How many people must be gathered together in a room, before you can be certain that there is a greater than 50/50 chance that at least two of them have the same birthday?
A man had five children. He had $100 with him to give to his children. He decided to start with the youngest child and then give $2 more than each younger child to his next elder child.
For example, if he gives $x to the youngest child, he will give $(x+2) to the next one, $[(x+2) + 2] to the next one and so on.
Can you find out how much did the youngest one receive?
You have two strings whose only known property is that when you light one end of either string it takes exactly one hour to burn. The rate at which the strings will burn is completely random and each string is different. How do you measure 45 minutes?
You have three orange, two pink and five purple balls in the drawer beside your bed. There is no electricity and the room is entirely dark. How many balls must you take out to ensure at least one ball of each colour at least?

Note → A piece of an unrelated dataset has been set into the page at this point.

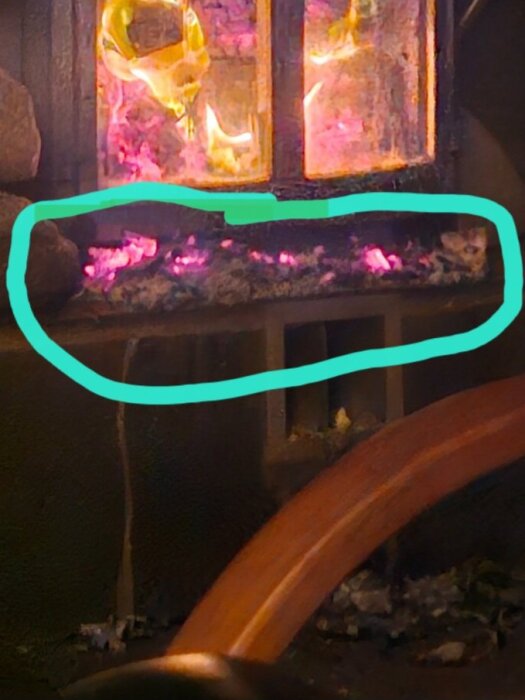 Brinnande eldstad med glödande kol och tegeldetaljer, omgiven av en blå markering i förgrunden.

One absent-minded ancient philosopher forgot to wind up his only clock in the house. He had no radio, TV, telephone, internet, or any other means for telling time. So he travelled on foot to his friend's place a few miles down the straight desert road. He stayed at his friend's house for the night and when he came back home, he knew how to set his clock. How did he know?
The King of a distant land had heard that Birbal was one of the wisest men in the East and so desired to meet Birbal. He sent Birbal an invitation to visit his country.
In due course, Birbal arrived in the distant kingdom. When he entered the palace he was flabbergasted to find not one but six kings seated there. All looked alike. All were dressed in kingly robes. Who was the real king?
The very next moment he got his answer. Confidently, he approached the king and bowed to him.